TASK:
Pictures stay out of the output. Return exactly the lines below from the one with "ELVIS PRESLEY: jailhouse rock RCA 7" down to the one with "Cascade Takamaka", both included, and nothing more.

RECORDS FOR THIS EXERCISE:
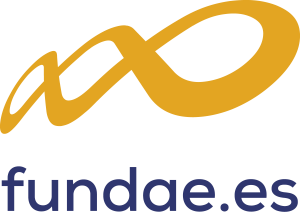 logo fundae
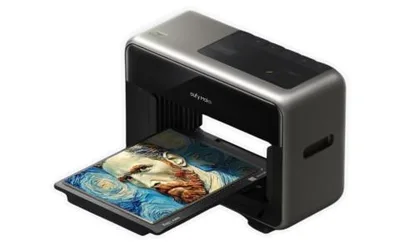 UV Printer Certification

---

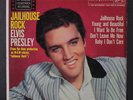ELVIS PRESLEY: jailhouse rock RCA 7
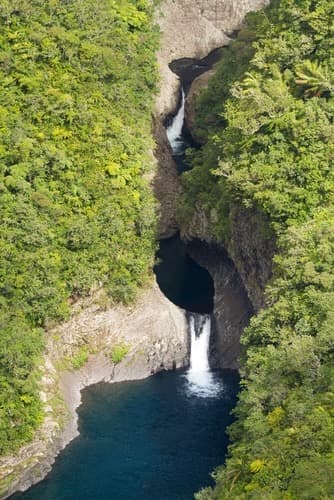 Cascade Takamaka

RESULT FOR THIS TASK:
ELVIS PRESLEY: jailhouse rock RCA 7
 Cascade Takamaka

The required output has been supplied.